Hate to break it to you, but I can’t see with it.

Now, I have felt all over these papers and have even asked if they have them in braille and they just look at me like I’m some kind of anarchist. — That’s what I see in my head anyway.
This has never even crossed their mind let alone any other way of completing this paperwork for others with disabilities. There are hundreds of disabilities that may prevent a person from being able to fill out that paper, but the only answer I get is, “I’m sure there’s someone with you that can help you fill it out.”
Apparently, handicapped people cannot function by ourselves; there must be someone who assists us in everything so we can live like normal people.
So the Uber driver that volunteered to just hang out at the appointment and return me home when I was done, out of the kindness of his heart, was wishing his heart wasn’t so soft as I rattled off my medical history in full detail. This I’m sure is also HIPAA approved. 
After giving all my personal information to everyone in the room, and feeling like a 5th-grade classrooms goldfish where everyone watches you do your business, I’m allowed to see the doctor.
This is where the serious matters begin. As a bit of backstory, my disorder didn’t just leave me blind. I have heart, brain, digestive, and muscle issues, along with high cholesterol.
What the hell, I figured everyone at the doctor’s office knows, what’s a few hundred more? So much for HIPAA.
When I see my specialist for my disorder he is adamant that proper diet is imperative for me to have a fighting chance. My body doesn’t produce energy which means it also doesn’t process carbs and sugars.
These foods make me sluggish and cause seizures and stroke-like episodes so it is imperative that I stay away from them.
He wants me to eat high fats and protein and very little carbs. I follow a Keto-Diet by default so that my body will function as close to normal as possible — my normal anyway. Meat (all types), eggs, and bacon are the proteins and avocados, nuts, dairy – mostly cheese and certain oils are for my fat intake.
I must say it is working. I have not felt this good since being diagnosed. I am stronger, slimmer and overall in better shape than I have been in a long time. Not to mention I feel great, and can think without struggling to find words or stuttering, most of the time.
My gastroenterologist wants me to eat high fiber and little to no fats or red meats and to completely stay away from nuts and seeds or any fruits with small seeds. There goes the avocados, and nuts, red meat and bacon.
My primary care doctor is concerned about my high cholesterol so he wants me to eat very little meat and eggs and a lot of complex carbohydrates. There goes red meat, bacon, eggs, avocados, nuts, cheese, milk and creams, and on top of all that, I have to eat the very foods my body cannot process.

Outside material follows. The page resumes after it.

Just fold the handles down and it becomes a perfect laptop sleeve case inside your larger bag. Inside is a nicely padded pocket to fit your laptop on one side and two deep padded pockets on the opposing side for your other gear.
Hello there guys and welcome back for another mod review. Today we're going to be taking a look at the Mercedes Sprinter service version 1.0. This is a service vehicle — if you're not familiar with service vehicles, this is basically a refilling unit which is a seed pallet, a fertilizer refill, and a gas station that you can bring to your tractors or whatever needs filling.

Finally, I have recently discovered that I am intolerant to dairy, avocados, certain artificial sweeteners and other foods on all three diets. (As long as I can keep my diet coke and coffee I will survive.)

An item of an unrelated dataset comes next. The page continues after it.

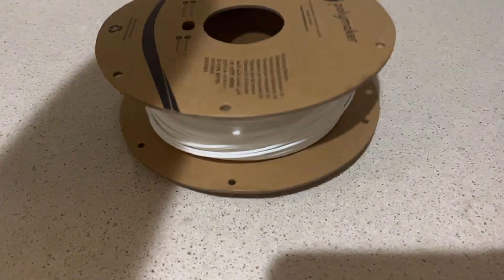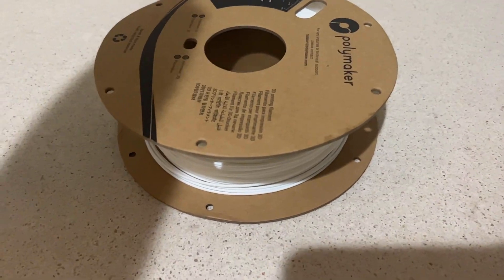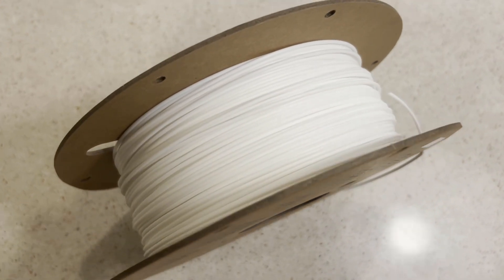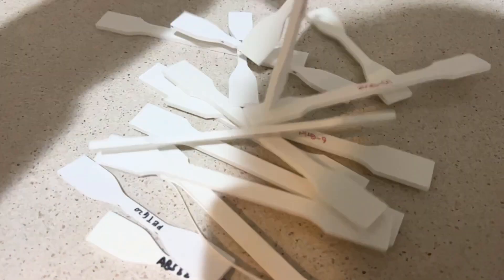Let's say you invented a new material. Imagine yourself as a startup company that recently developed a new type of 3D printing filament. How would you test it?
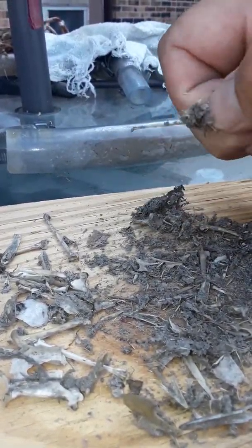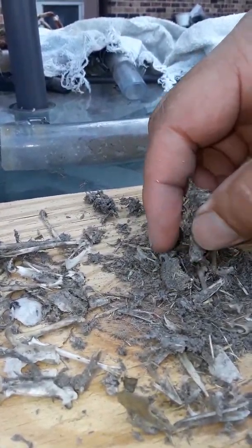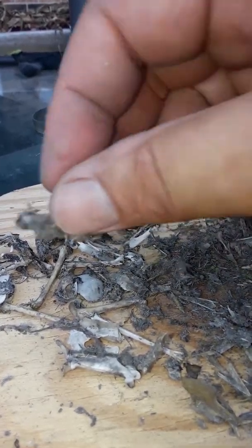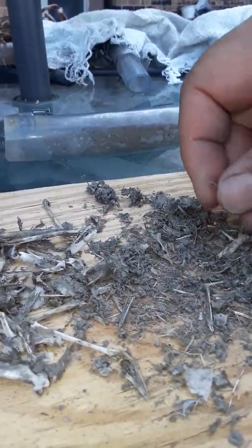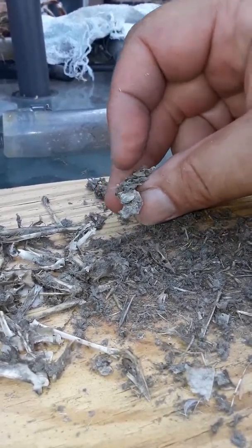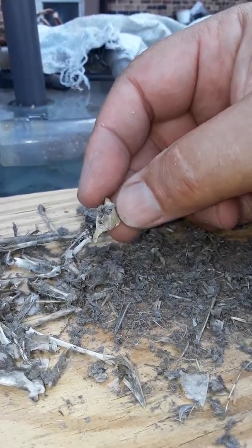Usually when there's rodents you find their teeth and their skulls. But look at these long bones — it's a bigger bird but it's a dainty bird. There's the other foot and leg, so I'm thinking just one. That's part of the wing there, I'm pretty sure. I wish I knew what species this guy was consuming. Yeah, these are the remains of one bird.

All of this has been brought on as ancillary symptoms and issues of my disease. So the true meaning of living with disabilities is what is not seen by the greater population.
To be able to control my disorder I have to eat protein and fats with little carbs.

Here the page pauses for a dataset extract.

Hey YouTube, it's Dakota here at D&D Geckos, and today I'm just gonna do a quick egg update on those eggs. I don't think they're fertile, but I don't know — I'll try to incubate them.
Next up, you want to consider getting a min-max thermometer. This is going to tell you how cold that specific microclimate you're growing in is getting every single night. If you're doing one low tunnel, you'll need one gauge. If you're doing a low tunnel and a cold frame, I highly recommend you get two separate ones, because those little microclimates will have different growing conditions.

To control my diverticulitis I need to avoid meats, fats, and nuts and eat a lot of fiber foods.
To control my high cholesterol I need to avoid meats and fats, and eat many complex carbohydrates.
And finally, I have to do all of this while being allergic to half of the foods I’m supposed to eat.

How would you choose?

Would it be feeling healthy and having the energy to function and think while suffering from the digestive issues and high cholesterol as well as the allergy issues? Or control my digestive issues and have no energy throughout the day?
Without a doubt I need to stop the allergy foods because if I were to go into anaphylactic shock it wouldn’t really matter if I had energy or brain function.
As I sit in the specialist's office listening to everyone else list out their medical history — apparently, I’m not the only one who needs help with that damn tablet — I realize that I too am guilty of not seeing the struggles of others. It seems to be a never-ending cycle that many people with disabilities have to deal with.